What about humans? We've noticed that the Visitor experience tends to run in families, but even if their parents were "experiencers," children don't actually inherit their MEMORIES of these events (NOTE: Subscribers can still listen to these provocative interviews).
Familiar smells trigger memories, which is the reason why the loss of a sense of smell is a warning sign. Many contactees who remember their Visitor experiences describe smelling a particular odor.
To test how memories are enhanced by smell, researchers showed volunteers a group of short films depicting unpleasant--yet memorable--events, such as car crashes. While the volunteers were watching the videos, perfume was sprayed into the room, colorful lights were displayed on a wall, and soft music played in the background.
When the team questioned the volunteers a few weeks later, they found that the people who noticed the smell had much more vivid memories of the videos. The colors triggers their memories as well, but the music did nothing to stimulate remembrance.
The team then followed up with the volunteers a week later, exposing them in turn to the cassis odor, the lights and the music as they asked questions about the video they had seen a week earlier. The researchers found that when smelling the cassis odor or seeing the same colorful lights they’d noticed when watching the videos, the volunteers described their memories of the things they’d witnessed on the videos as much more vivid. They also found that exposure to the music however, was comparable to not having any of the stimuli offered at all as they answered the questions.

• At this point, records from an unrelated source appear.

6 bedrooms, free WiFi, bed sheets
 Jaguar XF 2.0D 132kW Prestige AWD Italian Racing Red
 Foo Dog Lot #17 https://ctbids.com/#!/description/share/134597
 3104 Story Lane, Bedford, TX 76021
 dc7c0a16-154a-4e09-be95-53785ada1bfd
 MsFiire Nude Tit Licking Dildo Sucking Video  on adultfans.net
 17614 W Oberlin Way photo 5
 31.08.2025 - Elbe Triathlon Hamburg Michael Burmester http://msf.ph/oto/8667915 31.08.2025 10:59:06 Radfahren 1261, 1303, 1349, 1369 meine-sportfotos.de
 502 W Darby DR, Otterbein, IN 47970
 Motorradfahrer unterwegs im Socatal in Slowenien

In the August 21st edition of the New York Times, Doreen Carvajal writes about psychiatrist Darold A. Treffert, who has a registry of about 300 "savants" who, through a head injury or dementia, acquire skills, such as music, mathematics, art or calendar calculating, that they never learned. He thinks these skills must have been buried deep in their brains, in what he calls "genetic memory"--a "huge reservoir of dormant knowledge that can emerge when a damaged brain rewires itself to recover from injuries."
She quotes him as saying, "How is this (knowledge) possible? The only way that knowledge can be there is through genetic transmission."